Sloganeers Are As Dangerous As Terrorists: Kher, Swapan Dasgupta, Prasoon Joshi And Others

22/02/2016 6:37 PM IST | Updated 15/07/2016 8:26 AM IST
Hindustan Times via Getty Images
INDORE, INDIA - FEBRUARY 16: ABVP members stage demonstration against the anti-national voices raised in JNU recently at Devi Ahilya Vishwavidyalaya campus on February 16, 2016 in Indore, India. JNU has been on the boil over the arrest of its student's Union President Kanhaiya Kumar on sedition charges after some students organised a meet to mark the anniversaries of executions of Parliament attack convict Afzal Guru. (Photo by Shankar Mourya/Hindustan Times via Getty Images)

A group of intellectuals and artistes has termed those who allegedly raised anti-national slogans on the Jawaharlal Nehru University (JNU) campus as ‘no less dangerous’ than Pakistan-based terror group JeM’s chief Maulana Masood Azhar, even as the authenticity of the video that was aired by some television channels that showed students shouting anti-national slogans remained questionable.

"The anti-national slogans raised on educational campuses shake our consciousness. If slogans are raised on reputed campuses for fragmenting India, resolutions are made to destroy it, and if Parliament attack convict Afzal Guru is hailed as a martyr, it is shameful and disconcerting," an appeal which has the consent of 33 individuals, including intellectuals and artistes, says.

"We think it to be a well-planned conspiracy by anti-national forces and we believe that those raising such slogans are no less dangerous in their thinking than the terrorist Maulana Masood Azhar," the appeal which has been endorsed by actors Anupam Kher and Paresh Rawal, journalist Swapan Dasgupta, former Lok Sabha Secretary General Subhash Kashyap, economist Bibek Debroy, lyricist and adman Prasoon Joshi, among others, said.

Terming the JNU incident as an indication of lurking "danger", they said, "We welcome ideological dissent against the government, but such slogans are unacceptable to all patriots."

They said some people were trying to "cover up" the incident under the garb of "freedom of expression".

"How can this be called freedom of expression when it questions the supreme judicial decision. Some people have stood behind such nefarious elements for political benefit.They forget that idolising Afzal Guru insults the Supreme Court, the President and Parliament," they said.

Maintaining that they favoured "debate and dissent", the group asked whether there could be debate on the country's destruction or Guru's hanging. Support has been pouring in for JNU and its students from various parts of the country after Kumar's arrest. Last week faculty of Delhi IIT expressed solidarity with JNU.

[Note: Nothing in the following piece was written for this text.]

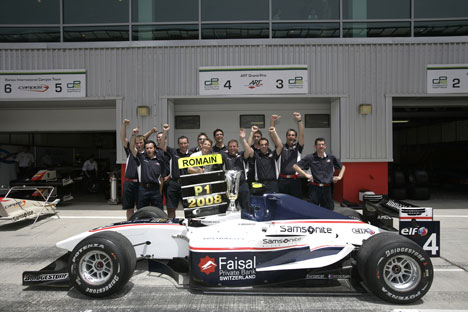 2008 vinderen Romain Grosjean med sit team ART Grand Prix.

"Do Afzal Guru's hanging and 'India go back' slogan come within the ambit of dissent. Political allegiance may be different, but the country should be loved. What ideological freedom is this that slogans that are raised from across the border, from the homes of Kashmiri separatists, are also raised from the campuses in Delhi and Jadavpur," they said.

The group said the incident was part of a conspiracy by anti-national forces to "incite people" and "polarise" the country.

"They (anti-national elements) know the government will try to check them and then they will accuse the government of repression and call it 'worse than emergency' to create instability," they said.

The group said earlier an attempt was made to raise the issue of alleged intolerance, then a "manufactured environment" was created about repression of dalit students.

"When those did not succeed, now there is this anti-India conspiracy in the garb of ideological freedom. We denounce it and appeal to people not to allow them to succeed," they said.

N Gopalaswami, Rajat Sharma, Udit Narayan, Madhur Bhandarkar, Roop Kumar Rathor, Malini Awasthi, Pushpesh Pant, Kamal Kishor Goenka, Narendra Kohli, Chitra Mudgal, Girija Devi are also part of the group.

A producer with Zee News channel quit last week, disappointed with the channel’s coverage of the JNU issue, after it was widely pointed out that sedition-accused JNU students’ union president Kanhaiya Kumar’s speech did not actually have anything anti-national.